Data records START

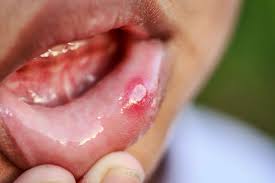 are mouth ulcers caused by allergies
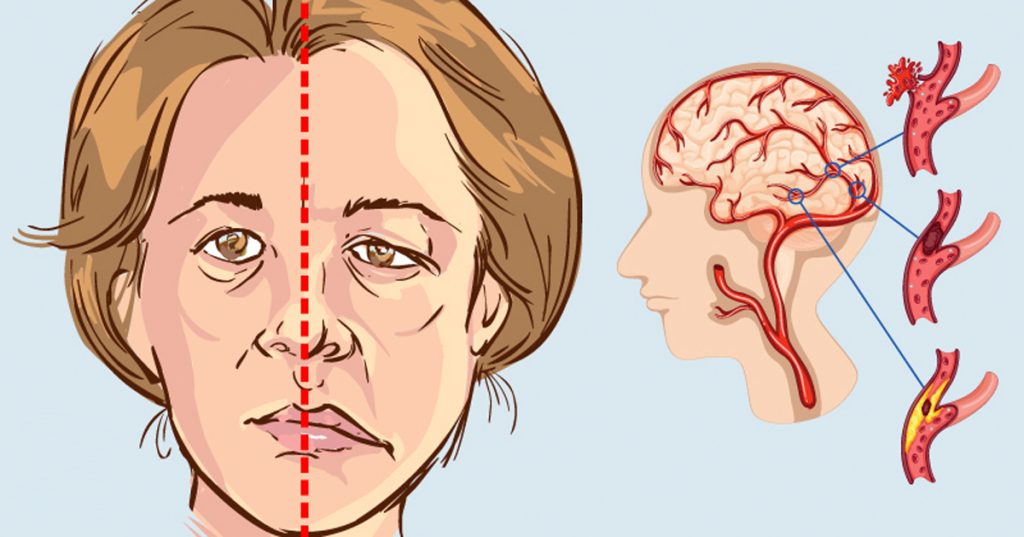 Mujer: Cómo saber si le va a dar un derrame cerebral días antes de que suceda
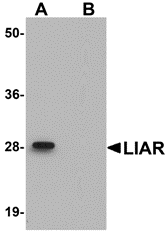 Western blot analysis of LIAR in mouse kidney tissue lysate with LIAR antibody at 1 μg/mL in (A) the absence and (B) the presence of blocking peptide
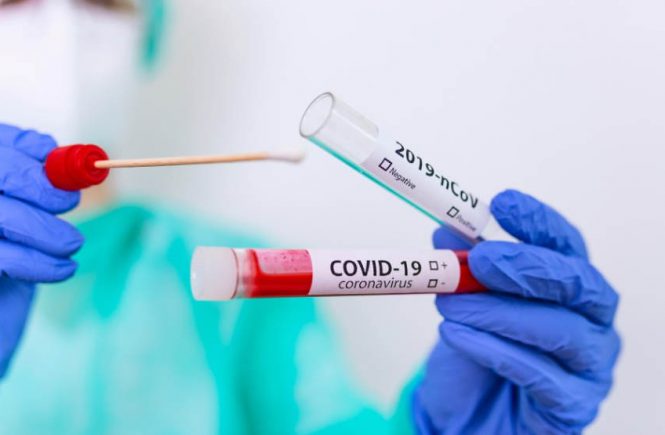 covid-19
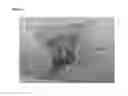 Fig. 05 - Methods for limiting development of a skin wound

Data records END

**Description of the task:**
The required answer is the lines from the one that contains "Western blot analysis" through the last line of the records, restated word for word, with every picture dropped.

**Response to this task:**
 Western blot analysis of LIAR in mouse kidney tissue lysate with LIAR antibody at 1 μg/mL in (A) the absence and (B) the presence of blocking peptide
 covid-19
 Fig. 05 - Methods for limiting development of a skin wound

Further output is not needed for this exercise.